* **WHAT TO DO**: In the records below, find the line containing "Audi A4L 2022 — фото 17" and the line containing "Lincoln-continental-coupe-1947-black-8". Give again exactly those lines and every line between them, omitting the pictures.

* **RECORDS PROVIDED**:

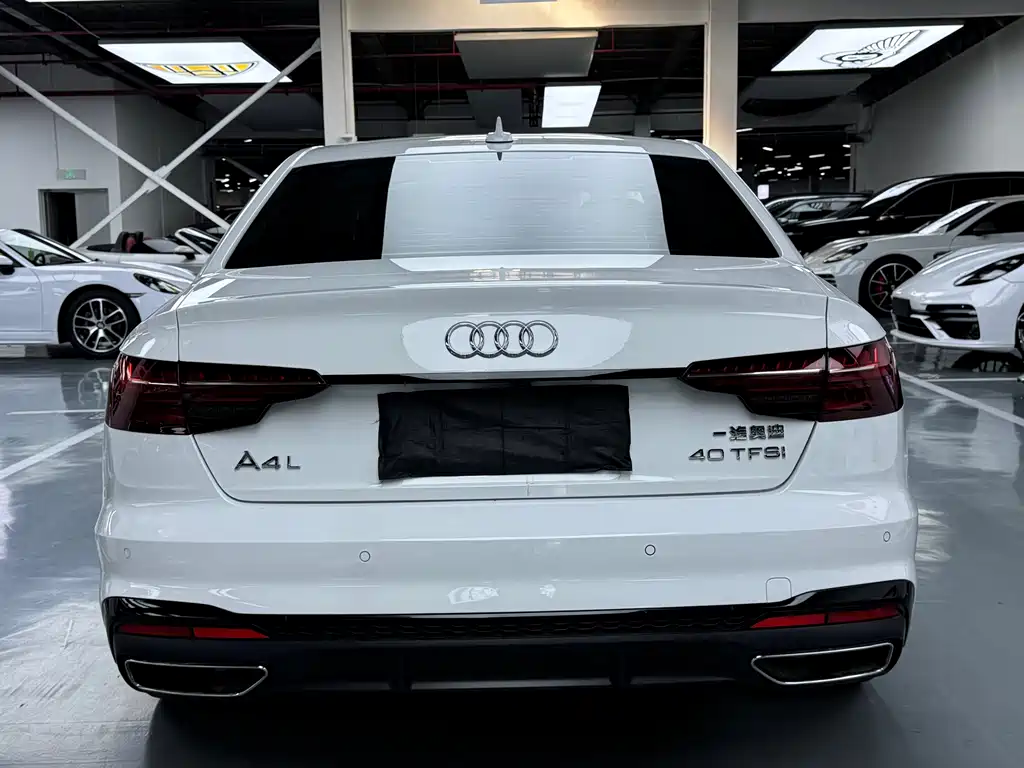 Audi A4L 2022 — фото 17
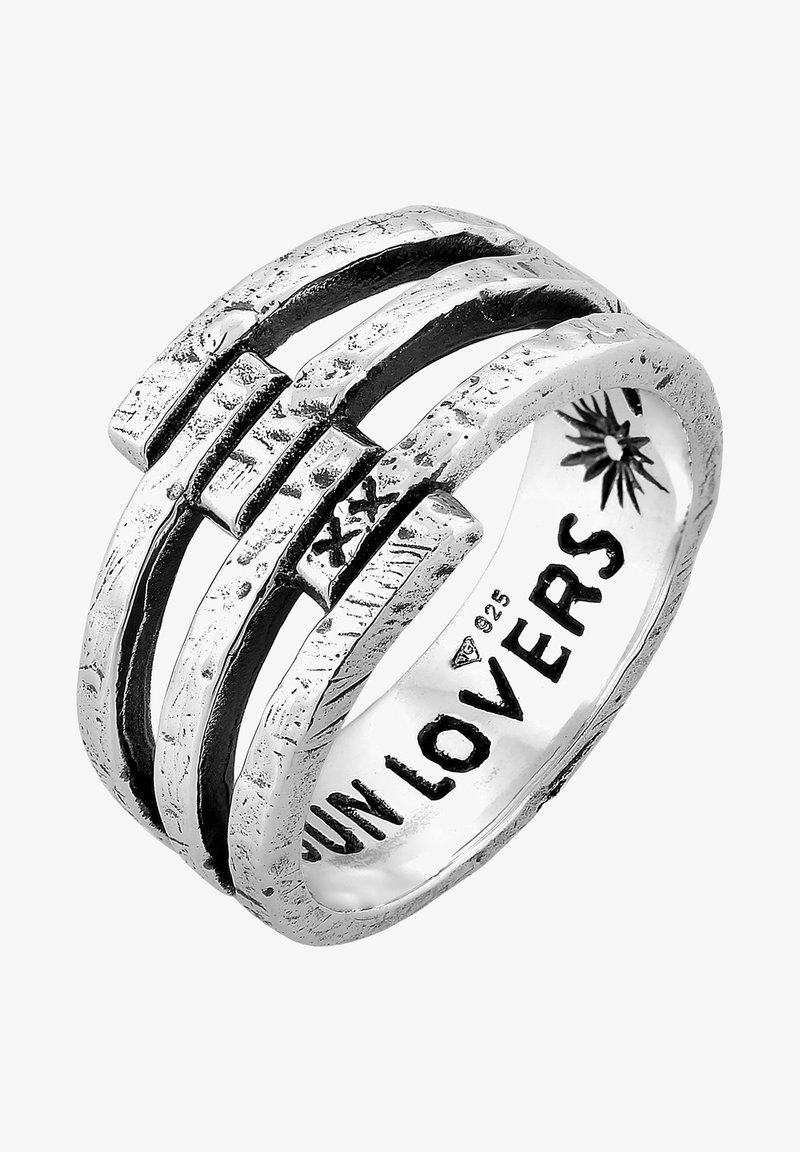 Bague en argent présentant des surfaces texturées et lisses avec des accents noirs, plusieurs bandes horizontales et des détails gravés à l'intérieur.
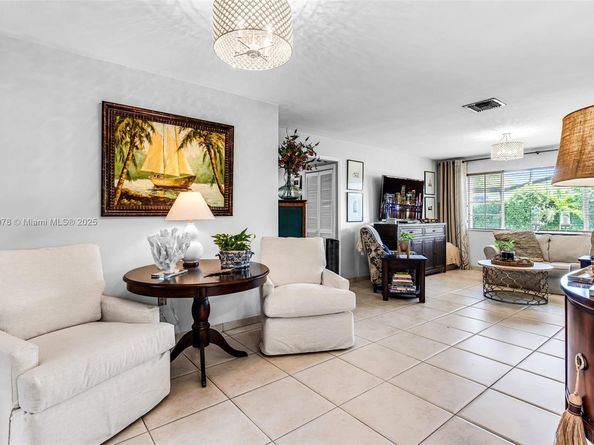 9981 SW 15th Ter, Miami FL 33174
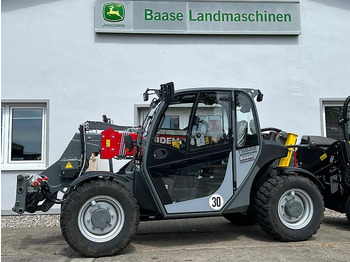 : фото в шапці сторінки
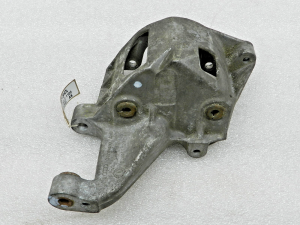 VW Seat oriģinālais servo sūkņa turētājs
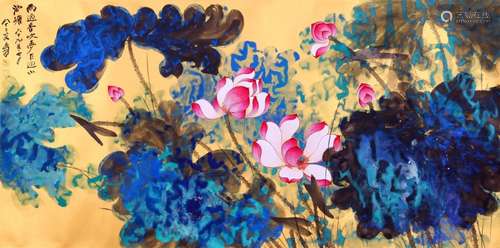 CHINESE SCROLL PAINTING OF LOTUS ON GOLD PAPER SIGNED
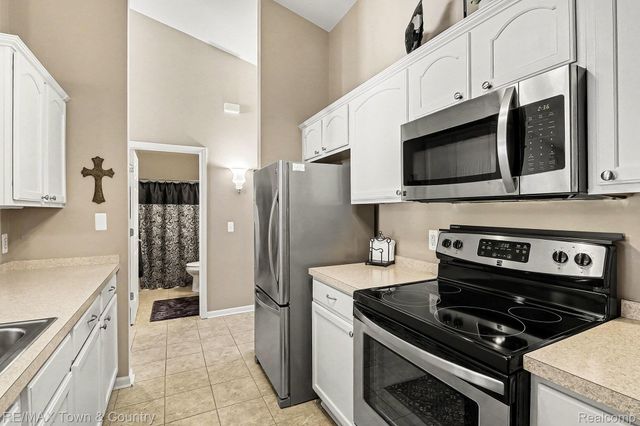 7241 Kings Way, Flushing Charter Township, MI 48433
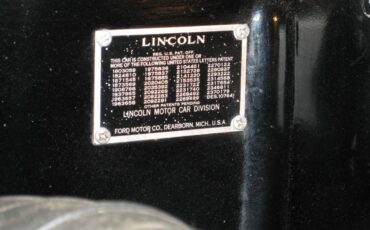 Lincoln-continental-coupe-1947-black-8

* * *

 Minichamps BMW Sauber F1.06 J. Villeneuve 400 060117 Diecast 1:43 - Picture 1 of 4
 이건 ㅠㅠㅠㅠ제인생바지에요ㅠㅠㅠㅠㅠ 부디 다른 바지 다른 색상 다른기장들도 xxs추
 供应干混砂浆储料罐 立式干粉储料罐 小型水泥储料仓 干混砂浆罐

* **SOLUTION**:
 Audi A4L 2022 — фото 17
 Bague en argent présentant des surfaces texturées et lisses avec des accents noirs, plusieurs bandes horizontales et des détails gravés à l'intérieur.
 9981 SW 15th Ter, Miami FL 33174
 : фото в шапці сторінки
 VW Seat oriģinālais servo sūkņa turētājs
 CHINESE SCROLL PAINTING OF LOTUS ON GOLD PAPER SIGNED
 7241 Kings Way, Flushing Charter Township, MI 48433
 Lincoln-continental-coupe-1947-black-8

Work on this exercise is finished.